Perché l’”italianità” dovrebbe pesare di più di tutto il resto? Perché si ha ancora il bisogno di definirsi tramite le nazionalità?

Sostenere che restare in Italia è mia responsabilità di giovane italiana significa negare o mettere in secondo piano ogni altro aspetto di me, di noi. Significa negare la nostra responsabilità di medici, ingegneri, giornalisti, ricercatori, di donne, genitori, europei, adulti.

Non vedo perché coloro che come te e me credono di poter cambiare le cose debbano farlo “da casa”, pena essere tacciati di egoismo.

Ad esempio io talvolta penso che sia una mia responsabilità di donna contrastare le ineguaglianze di genere. Magari miglioro l’Italia mostrando (e non sono la sola) che ci sono giovani donne italiane che non aspirano a farsi mantenere da un vecchio ricco amante.

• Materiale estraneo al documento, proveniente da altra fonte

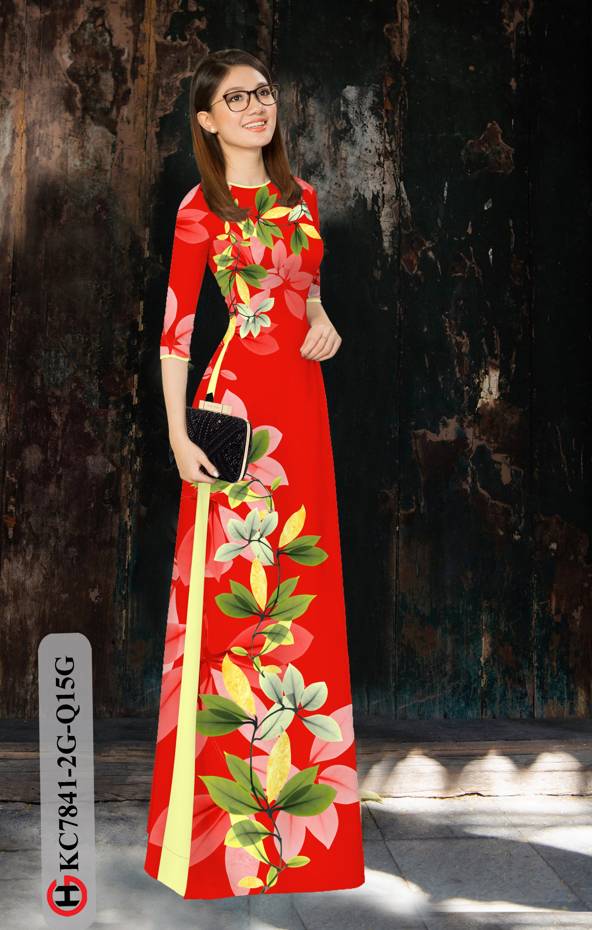 Vải Áo Dài Hoa In 3D thiết kế 2020 AD KC7841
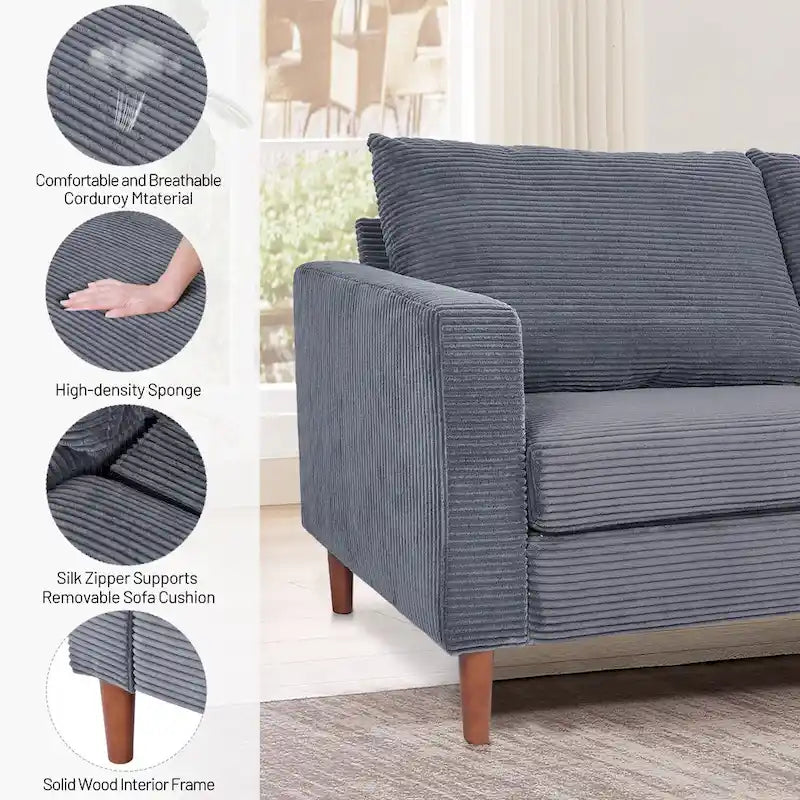 Canapé-lit futon convertible moderne en chenille, canapé 2 places de 210 cm avec accoudoirs carrés pour salon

Hai ragione, abbiamo il diritto di provare a cambiare in meglio (o talvolta a non contribuire a peggiorare) la società per tutti, ma non vedo perché sia meglio farlo da Agrate Brianza né perché il mio impegno debba concentrarsi sull’Italia, invece che su altri Paesi, su altri temi, su altri diritti, sull’Europa. Sono egoista per questo?

Chi parte è costretto dalle circostanze o egoista.
Potrei risponderti che dal mio punto di vista la maggioranza si lamenta, poi va ad abitare a due metri da mamma e papà che li sollevano dagli oneri del quotidiano e se la prende con chi se ne va.

Scrivo in transito fra l”Inghilterra e la Germania, domani e dopodomani lavorerò a Southampton, la settimana prossima invece a Milano. Quando mi chiedono dove abito rispondo: questo mese a Londra (Lipsia/Parigi o altrove). Mannaggia: sono una delle peggiori fuggitive, anche perché mi posso permettere di viaggiare comoda.

Eppure io non mi sento in fuga. Sono in partenza. Non sono scappata da niente, non sono neanche andata in cerca di un futuro migliore che credo avrei avuto anche restando in Italia.
Perché come te credo che sia possibile restare e costruirselo quel futuro. Ma semplicemente non è il mio.
Per te andare a Roma è un viaggio, vivere a Milano è emigrare. Per me andare a Lipsia, Londra, Parigi, Milano è tornare a casa.

I miei figli potranno avere tre passaporti e magari nasceranno in un Paese quarto: sarà un bel problema spiegare loro dove dovranno restare. In Europa,  potrei abbozzare, eppure non avrei nulla da dire se decidessero di migliorare il mondo partendo dal Venezuela.

La tua scelta è valida e anche la mia, non giochiamo a chi è più bravo: uniamo le forze.